Reverse mortgages are often considered a last-resort source of income, but they have become a great retirement planning tool for many homeowners.
The first federally-insured reverse mortgage — also known as a home equity conversion mortgage, or HECM — was introduced in 1989. These loans allow people who are 62 or older to tap a portion of their home equity without having to move.
Who would benefit from a reverse mortgage
- People that don’t plan on moving.
- Can afford the cost of maintaining their home.
- Want to access the equity in their home to supplement their income or have money available for a rainy day.
Some people even use a reverse mortgage to eliminate their existing mortgage and improve their monthly cash flow, says Peter Bell, president and CEO of the National Reverse Mortgage Lenders Association, or NRMLA.
Reverse mortgage basics
- How does it work?
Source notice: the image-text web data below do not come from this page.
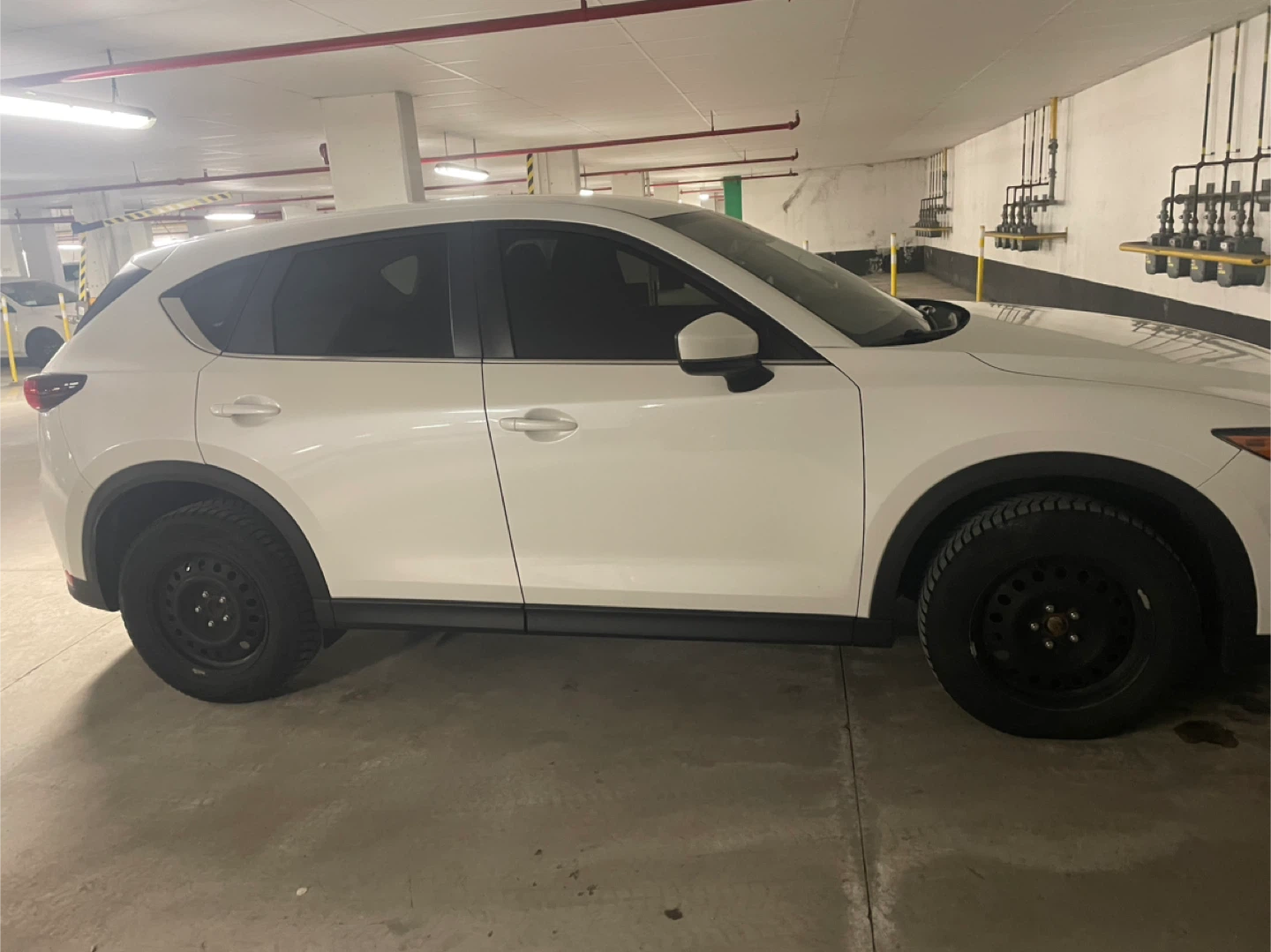 White Mazda CX-5 2021 GS-4WD (available from April 20) - photo 2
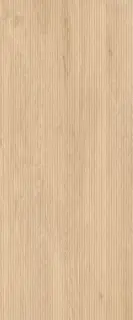 Log 3D Pleat Bright Oak 50x120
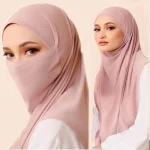 Maillot Modal solide malaisien, sangle Hijab instantanée, Sacrf pour femme musulmane, bandeau décontracté, Turban ethnique
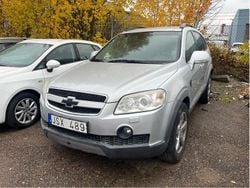 Grå Begagnad 2010 Chevrolet Captiva SUV | 24 900 kr (Superpris)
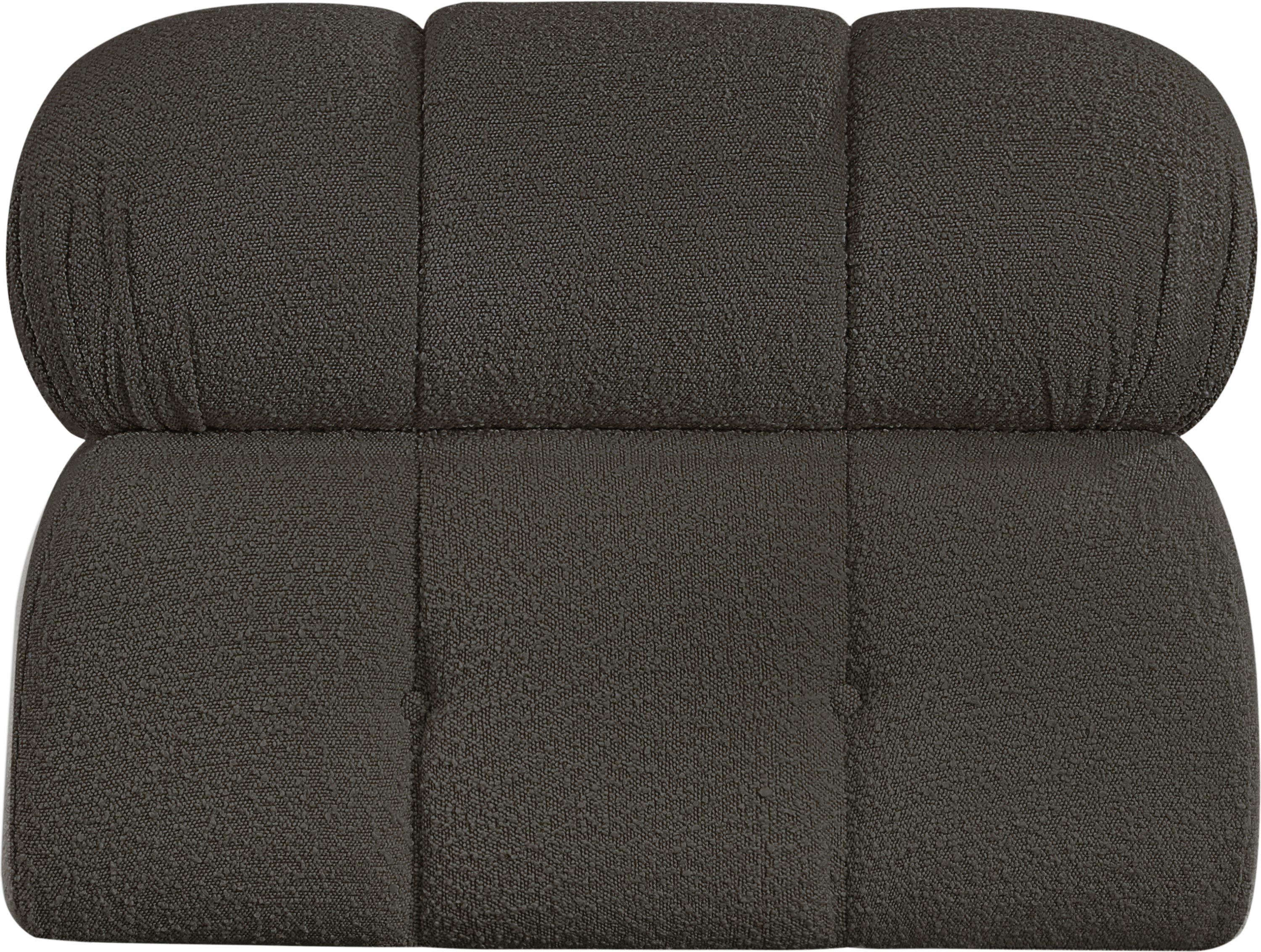 Ames - Armless Chair - Brown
The bank makes payments to the borrower based on a percentage of accumulated home equity.
- When does it need to be repaid? When the borrower dies, sells the home or permanently moves out.
- Who is eligible? Seniors age 62 and older who own homes outright or have small mortgages.
- How can the money be used? For any reason. Retirees typically use cash to supplement income, pay for health care expenses, pay off debt or finance home improvement jobs.